This is a very interesting take on the recent Amazon/’rape t-shirts’ story that exploded online recently. Via Amazon, a company called Solid Gold were selling t-shirts that included the phrase ‘Keep Calm And Rape Alot’. This, understandably, upset a lot of people and generated a lot of backlash against the sellers and Amazon. But Pete Ashton makes a very interesting and pertinent point – that most people did not grasp – that a human being wasn’t really involved in the process, hence the faux pas. The t-shirts were generated via an automatic algorithm, given certain inputs and parameters. This does not, as Ashton says, excuse them, but it does explain it. The ‘headfuck’ moment, as Ashton puts it, is that a human was not involved in the design or approval. A machine did it all.

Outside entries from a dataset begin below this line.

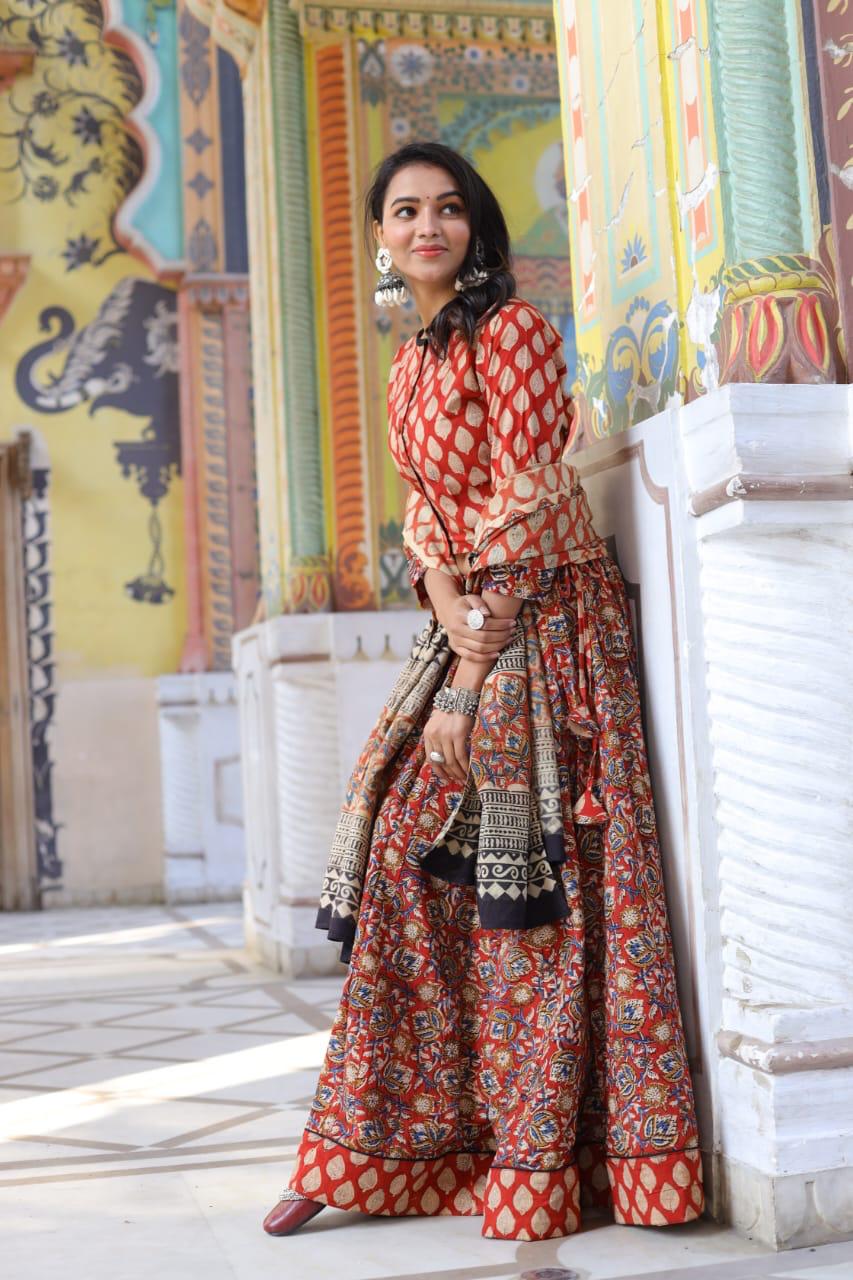 Red Colour Bagru Print Flora lehenga choli Set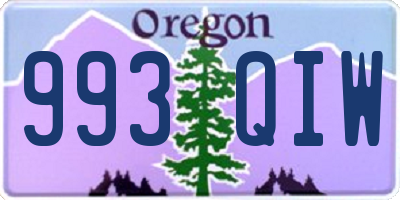 OR license plate 993QIW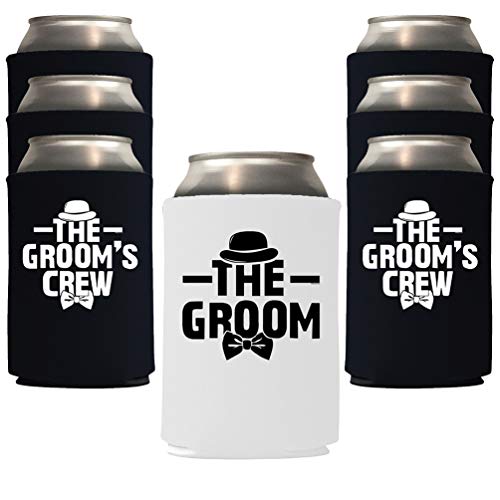 Veracco The Groom and The Grooms Crew Can Coolie Holder Bachelor Party Wedding Favors Gift For Groom Groomsmans Proposal (White Groom, Black GC, 12)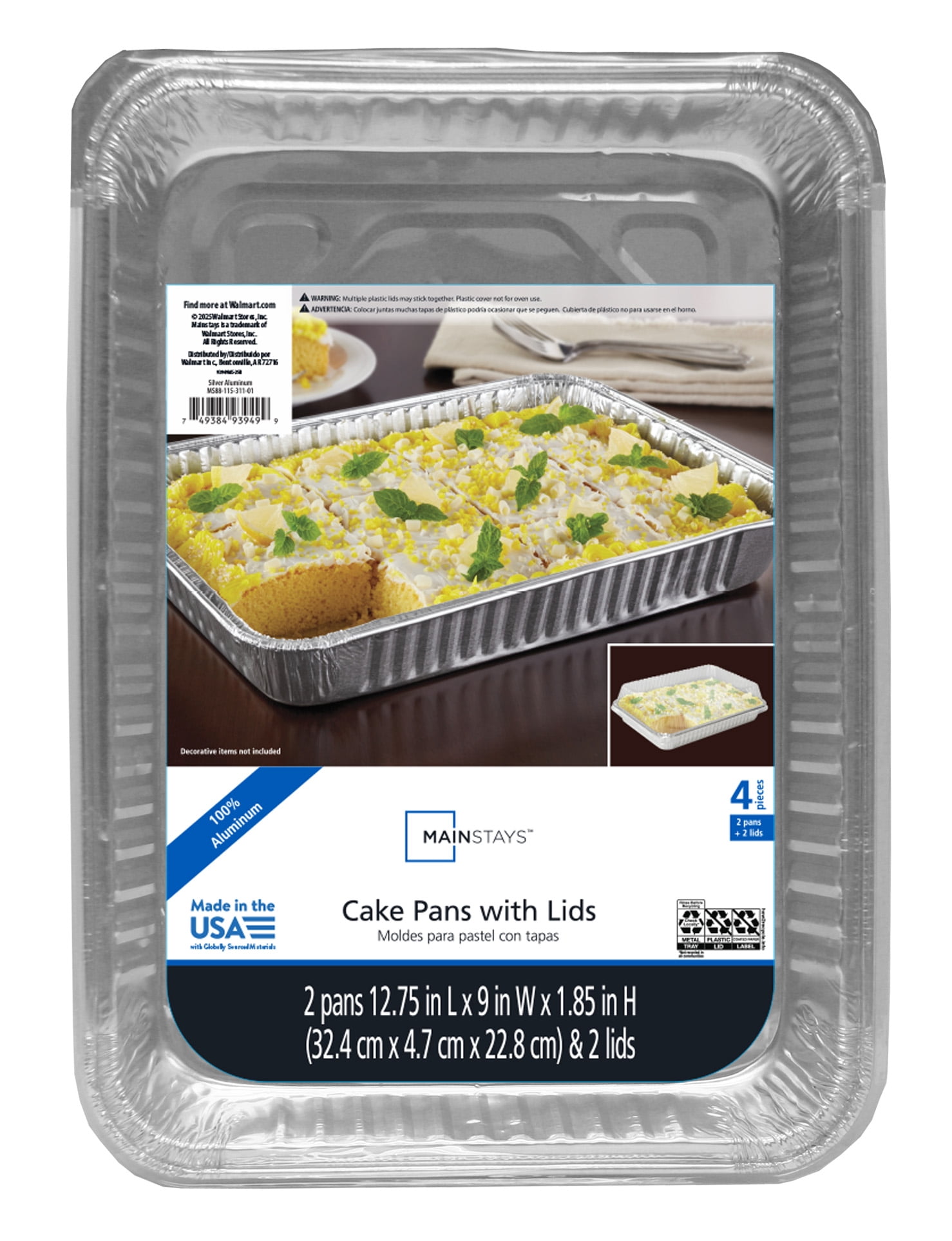 Mainstays 13" x 9" Rectangular Aluminum Cake Pan with Lid (2 Pack)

Interestingly I came across the link on the New Aesthetic tumblr, which is collecting various disparate sources related to the emerging ‘New Aesthetic’ scene in London. For a good introduction, James Brindle’s (who coined the term) talk at Web Direction is a good starting point or the initial blog post which started it. Another thorough third-party investigation is Will Wiles piece for Aeon. Then follow it with Bruce Sterling’s measured response to the movement, which includes some criticisms to ponder. One of them is the actual lack of artificial intelligence in machines, and issues of ethics. As Sterling says:
“Computers don’t and can’t make sound aesthetic judgements. Robots lack cognition. They lack perception. They lack intelligence. They lack taste. They lack ethics.“
In a way the t-shirt debacle underlines this – we are surrendering more and more of our lives to ‘algorithms’, thinking that machines can think for us. But they can’t – and eventually they will cross a line (ethical, legal, taste) that they cannot understand. This might only be the beginning.
All of this reminded me of Adam Curtis’ All Watched Over By Machines Of Loving Grace. Today we are trusting the machines to print our t-shirts. If we cede more control, will the consequences more serious?
Ominously, the New Aesthetic likes to talk about drones a lot….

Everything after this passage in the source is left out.